MTNN Tops Premium Stock List With Best Year-to-Date Performance

MTNN Tops Premium Stock List With Best Year-to-Date Performance

Investors in MTN Nigeria Communications Plc (MTNN) have seen higher returns this year compared to shareholders of other premium stocks on the Nigerian Exchange (NGX), as expectations for tariff adjustments strengthen investor confidence.

Data shows that MTNN’s stock price surged by 31.1% within the first two months of 2024, significantly outperforming the broader market’s 4.76% gain over the same period. This strong performance reflects renewed optimism in the telecom giant, which continues to dominate Nigeria’s telecommunications market.

In a research report titled “MTNN Turns the Tide in H2’24”, Divine Olumese, a research analyst at Vetiva, recommended investors to buy MTNN shares, setting a target price (TP) of ₦318.6. On the contrary, analysts at United Capital issued a sell rating, projecting a target price of ₦250.1, representing a 5.3% downside from its February 28 market price of ₦264.2.

As of February 2024, MTNN closed at ₦264.20 per share, nearing its 52-week high of ₦267.8, and well above its 52-week low of ₦169. The company’s shares outstanding stand at 20.995 billion units.

Earlier this year, MTN Nigeria secured approval from the Nigerian Communications Commission (NCC) to renew its 800MHz Spectrum Band (Channel 1) license for an additional 10 years, effective January 1, 2025, to December 31, 2034. Furthermore, the extension of Channel 2’s license, previously expiring in 2030, was also approved for an additional four years, aligning both licenses to expire simultaneously in 2034 for smoother renewal processes.

The NCC also approved a 50% tariff adjustment for telecom operations, aimed at enabling operators like MTN to sustain investments amid Nigeria’s challenging economic landscape.

Karl Toriola, CEO of MTN Nigeria, welcomed the development, stating; “This tariff adjustment is a critical step to address the ongoing economic pressures on our industry.

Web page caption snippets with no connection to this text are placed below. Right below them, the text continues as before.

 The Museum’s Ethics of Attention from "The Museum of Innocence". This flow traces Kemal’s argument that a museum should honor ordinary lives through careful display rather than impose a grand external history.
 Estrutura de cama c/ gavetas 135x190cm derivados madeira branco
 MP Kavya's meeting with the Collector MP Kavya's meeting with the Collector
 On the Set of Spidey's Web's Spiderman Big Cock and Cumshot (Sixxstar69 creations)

It will help us maintain the essential investments required to ensure reliable and high-quality service delivery to Nigerians. Our commitment to supporting Nigeria’s digital transformation and inclusive growth remains steadfast.

Despite its strong stock performance, MTNN posted its second consecutive full-year loss in 2024. Earnings Before Interest, Tax, Depreciation, and Amortization (EBITDA) margins declined by 9.6 percentage points to 39.1%, while loss after tax (LAT) stood at ₦400.4 billion, compared to a profit of ₦114.5 billion in the fourth quarter of 2024.

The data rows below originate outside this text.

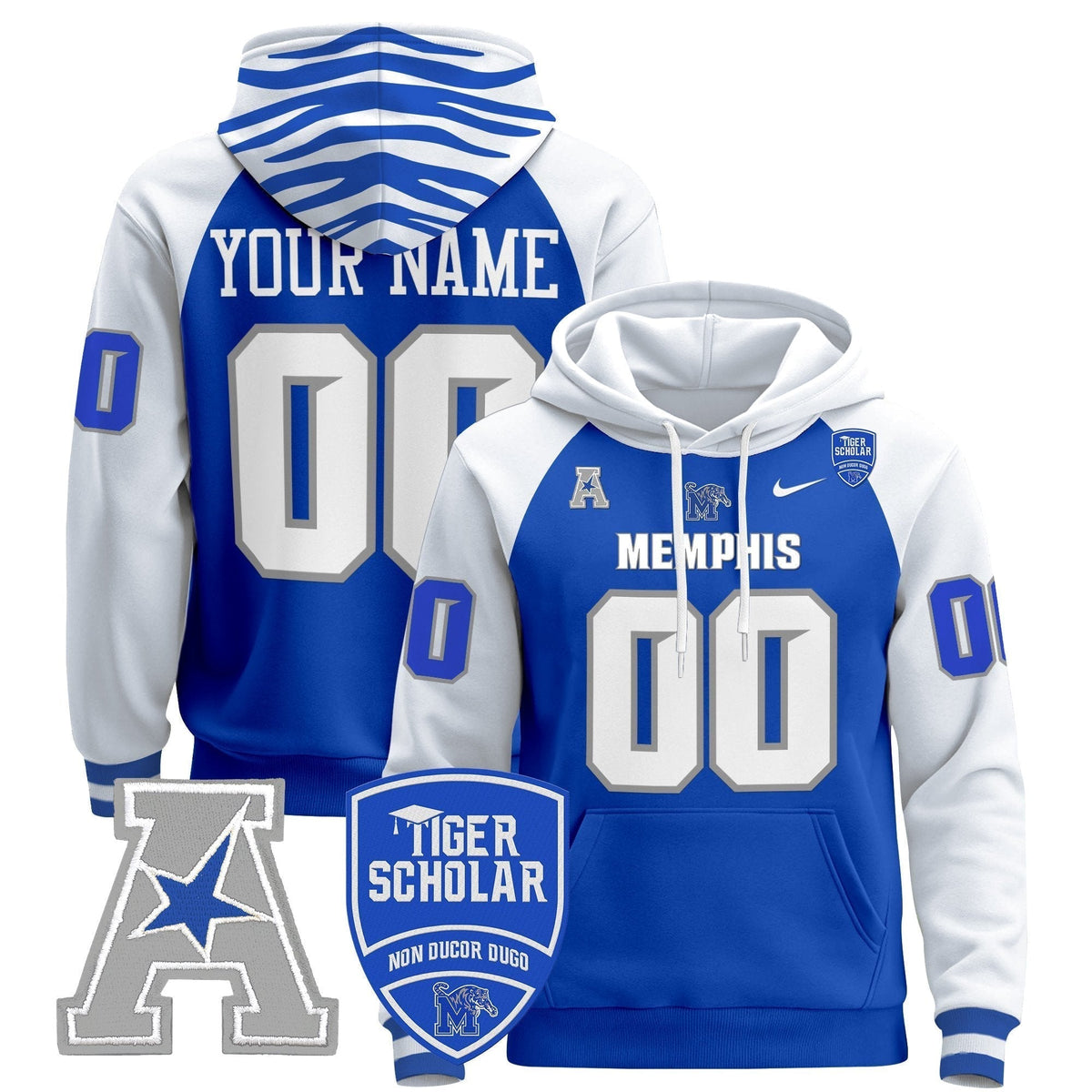 Memphis Tigers 2024 Custom Pullover Hoodie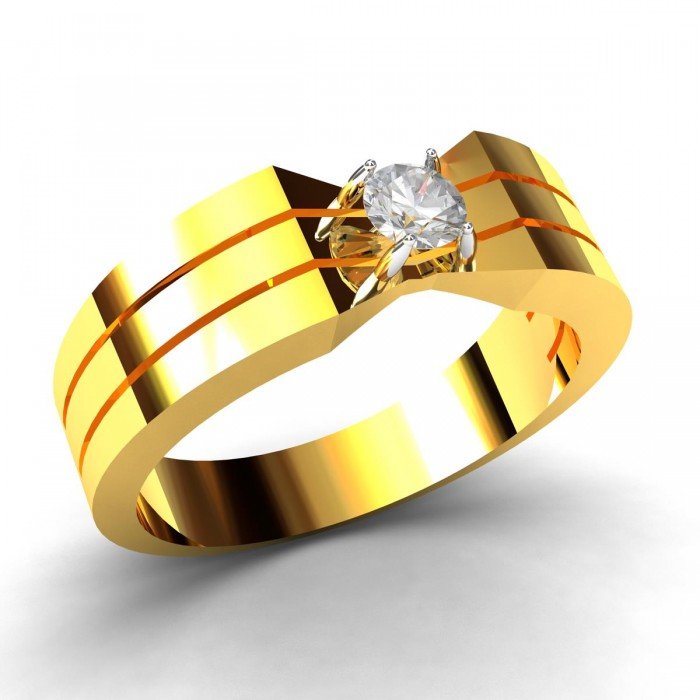 Solitaire Wedding Band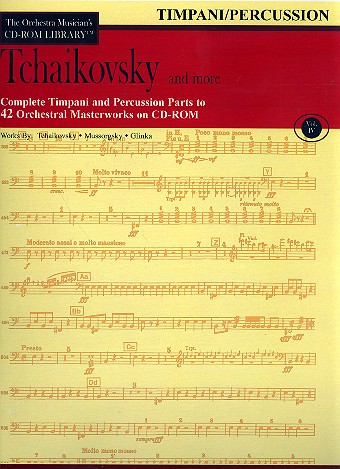 Tschaikowsky and more - Timpani and Percussion Parts CD-ROM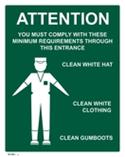 Attention Minimum Hygiene Requirements
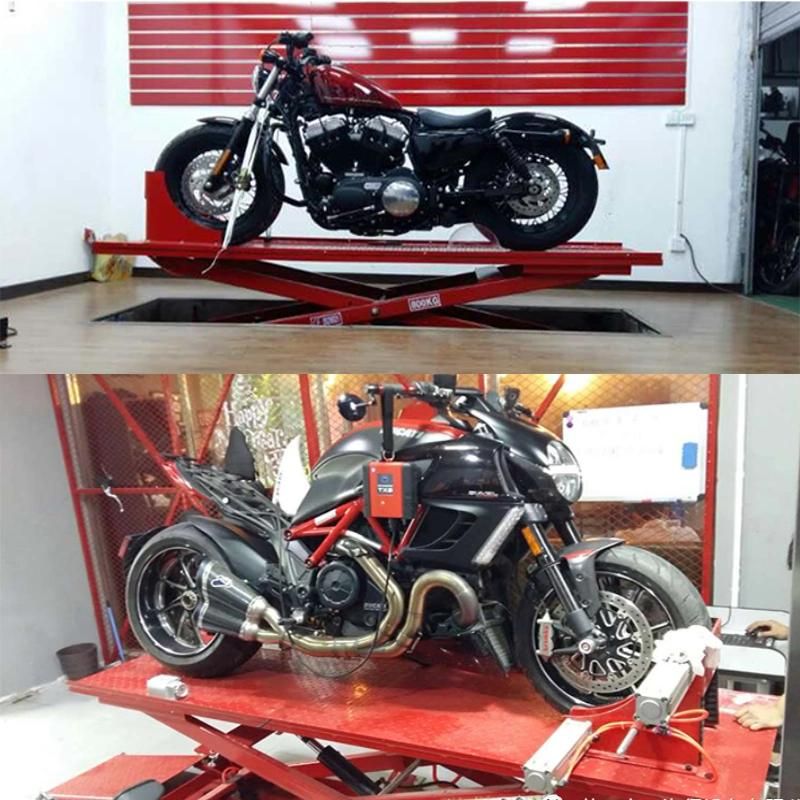 800kg Capacity Pneumatic Motorcycle Lift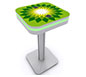 InCharg™ Wireless Charging Table · MOD-1463 (Rounded Square) w/ Optional Adhesive Graphic & RGB Perimeter Lights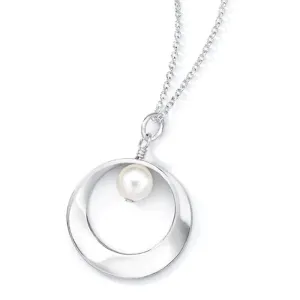 Pure Mini Mobius With Pearl Necklace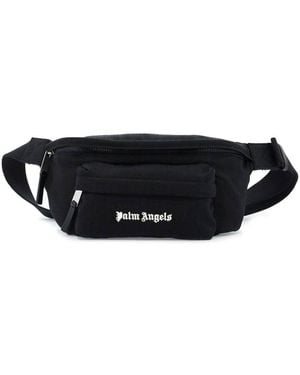 Palm Angels Embroidered Logo Fanny - Black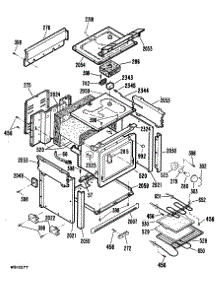 02 - Section2 parts for Ge Range RF724GH1 from AppliancePartsPros.com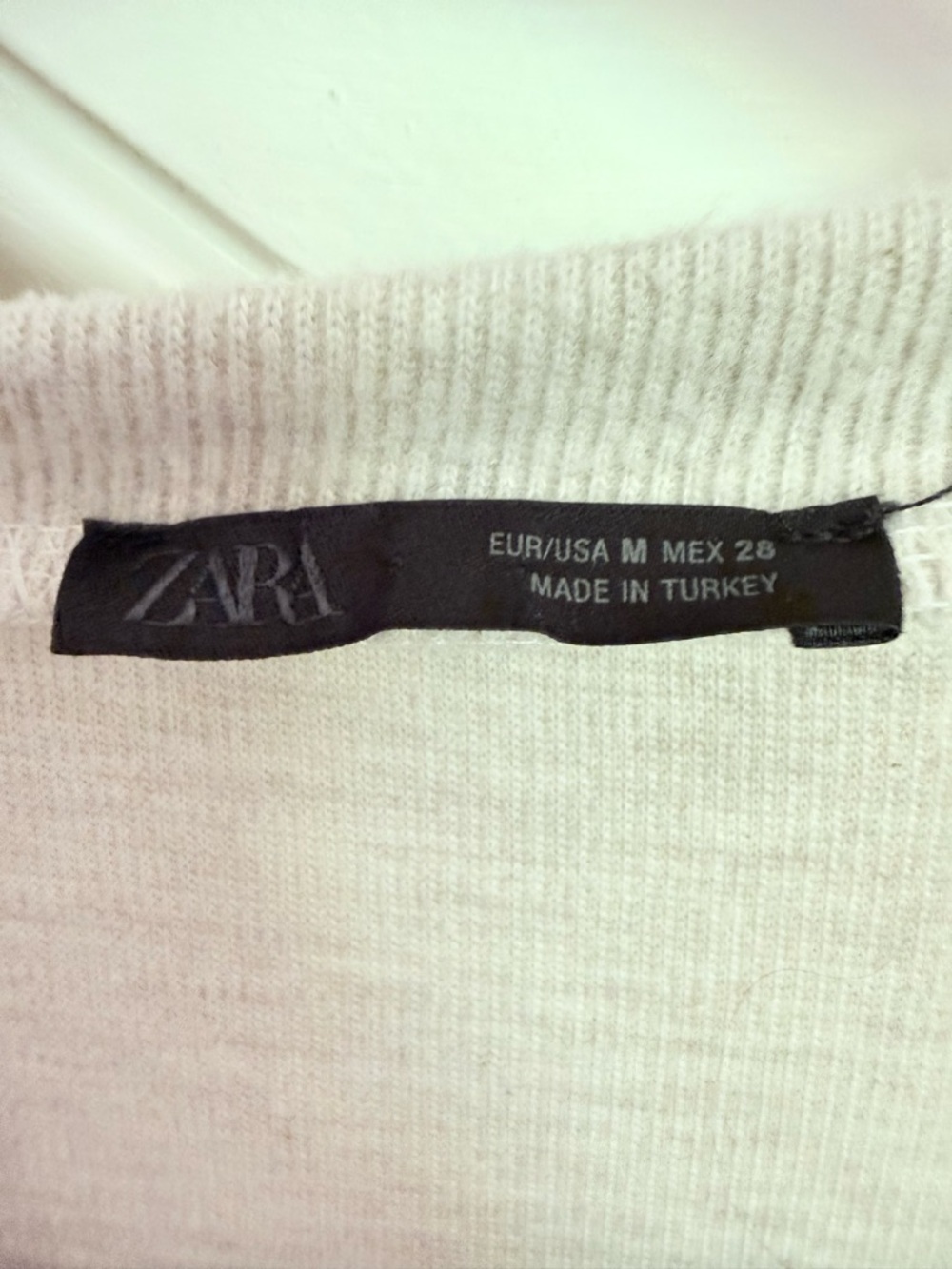 Zara Soft Button Beige Cardigan Gold Buttons - size medium - Picture 10 of 10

Even though Profit After Tax (PAT) adjusted for forex losses decreased 35.2% to ₦247.3 billion, service revenue grew 35.9% to ₦3.3 trillion, and EBITDA rose 9.2% to ₦1.3 trillion. Subscriber base also expanded by 1.6% to 80.9 million, with active data users growing 7% to 47.7 million.

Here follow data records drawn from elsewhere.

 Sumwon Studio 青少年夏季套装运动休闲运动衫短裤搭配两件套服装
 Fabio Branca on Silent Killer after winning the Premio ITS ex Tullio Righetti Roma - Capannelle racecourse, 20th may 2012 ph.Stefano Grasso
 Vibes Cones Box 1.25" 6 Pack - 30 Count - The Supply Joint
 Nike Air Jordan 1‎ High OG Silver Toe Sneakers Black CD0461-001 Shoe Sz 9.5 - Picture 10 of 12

Forex losses from revaluations of foreign currency obligations heavily impacted earnings, resulting in negative retained earnings of ₦607.5 billion (up from ₦208 billion in December 2023), although this was an improvement from ₦727.2 billion negative reported in June 2024. Shareholders’ equity remained negative at ₦458 billion, albeit better than ₦577.7 billion in June 2024.

Capital expenditure (excluding leases) fell slightly by 1.3% to ₦443.5 billion, while free cash flow stood at ₦388.2 billion, down 3.7% year-on-year. Consequently, due to negative retained earnings, MTN’s board did not recommend a dividend payout for FY 2024.

Analysts at Coronation Research, commenting on MTNN’s earnings on March 10, highlighted concerns over the persistent losses, “MTNN’s second straight annual loss reflects the challenging macroeconomic environment, and while not encouraging on the surface, recent developments—including the USSD resolution, localized lease liabilities, debt restructuring, and tariff adjustments—could position the company for a turnaround.”

They added that a stabilized exchange rate, moderated inflation, and regulatory support present compelling growth opportunities for MTN in 2025.

MTNN’s management also reaffirmed their commitment to restoring a positive net asset position and pursuing sustainable growth and operational resilience, emphasizing focus on cost management and long-term value creation amid Nigeria’s economic challenges.

Toriola concluded that “despite headwinds like inflation and currency volatility, we remain committed to our strategy and to delivering value to all stakeholders, we are encouraged by the authorities’ approval of tariff adjustments, vital for the sustainability of our industry and critical to addressing our capital position.”